Your output is to hold only the lines from the one showing "4511 N Hutchinson Ln - Photo 4 of 25" through the end of the listing, exactly, with every picture excluded.

====== Source material ======

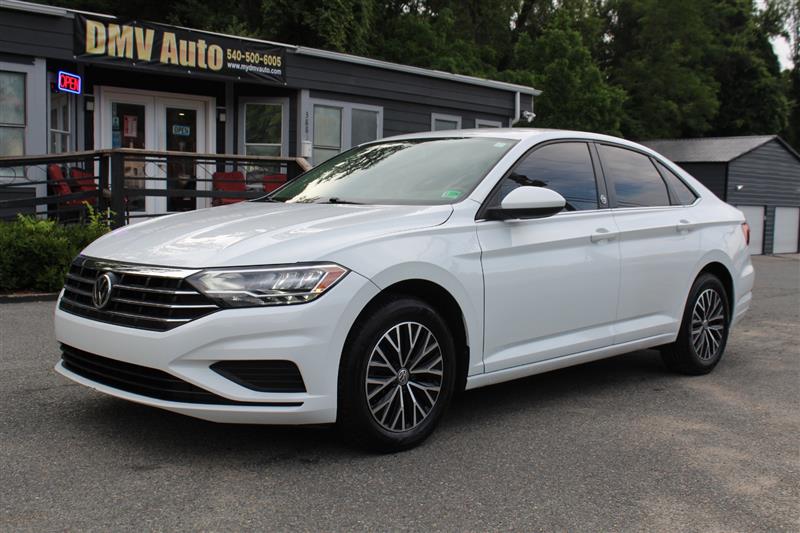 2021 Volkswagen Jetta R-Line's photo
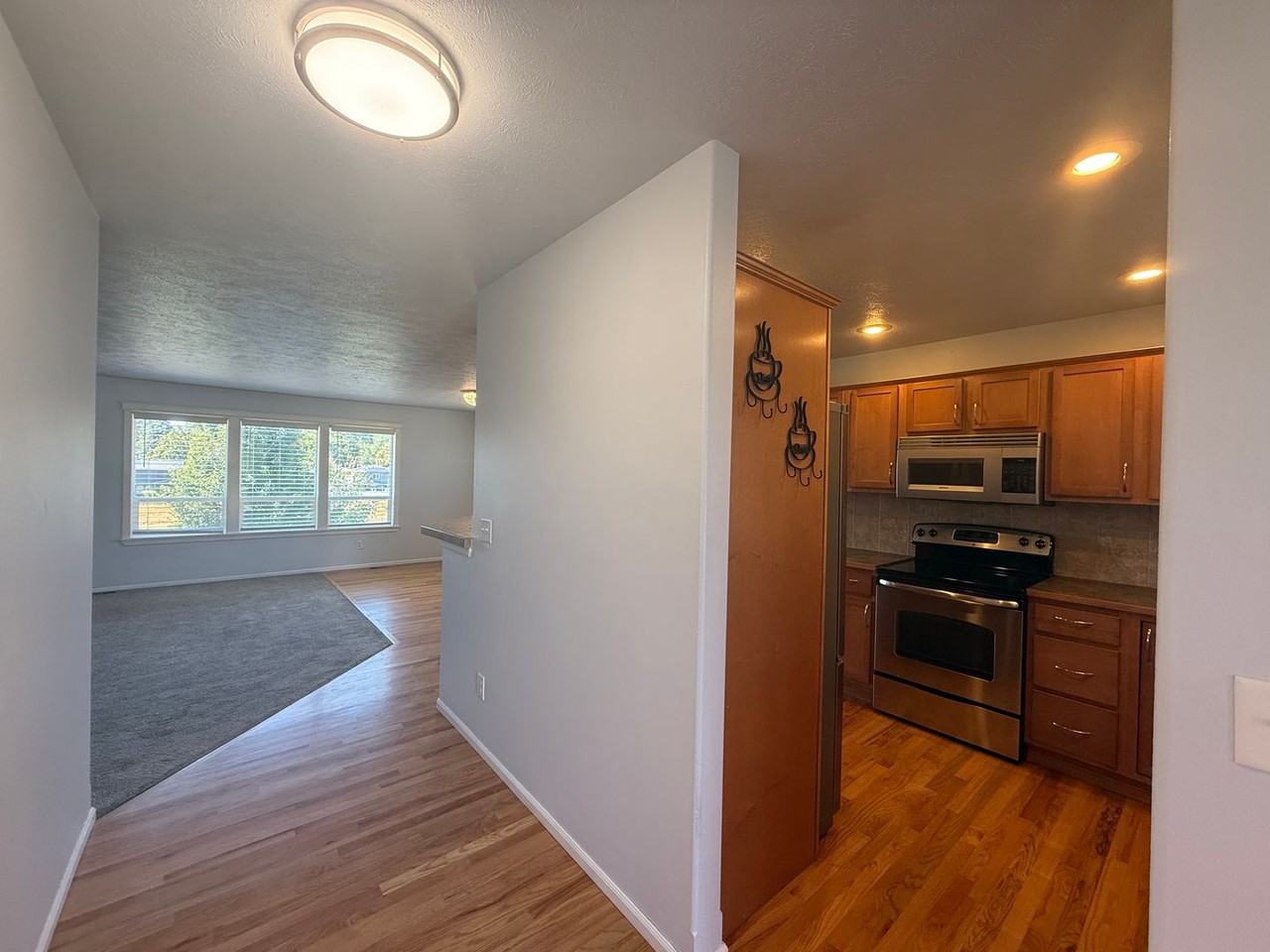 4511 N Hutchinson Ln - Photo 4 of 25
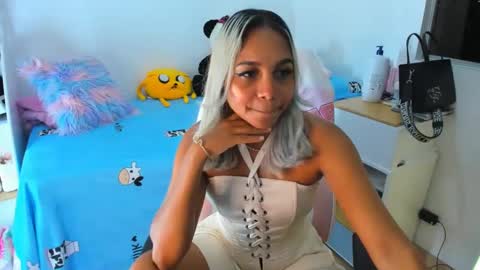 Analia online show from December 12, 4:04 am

======

**Output:**
 4511 N Hutchinson Ln - Photo 4 of 25
 Analia online show from December 12, 4:04 am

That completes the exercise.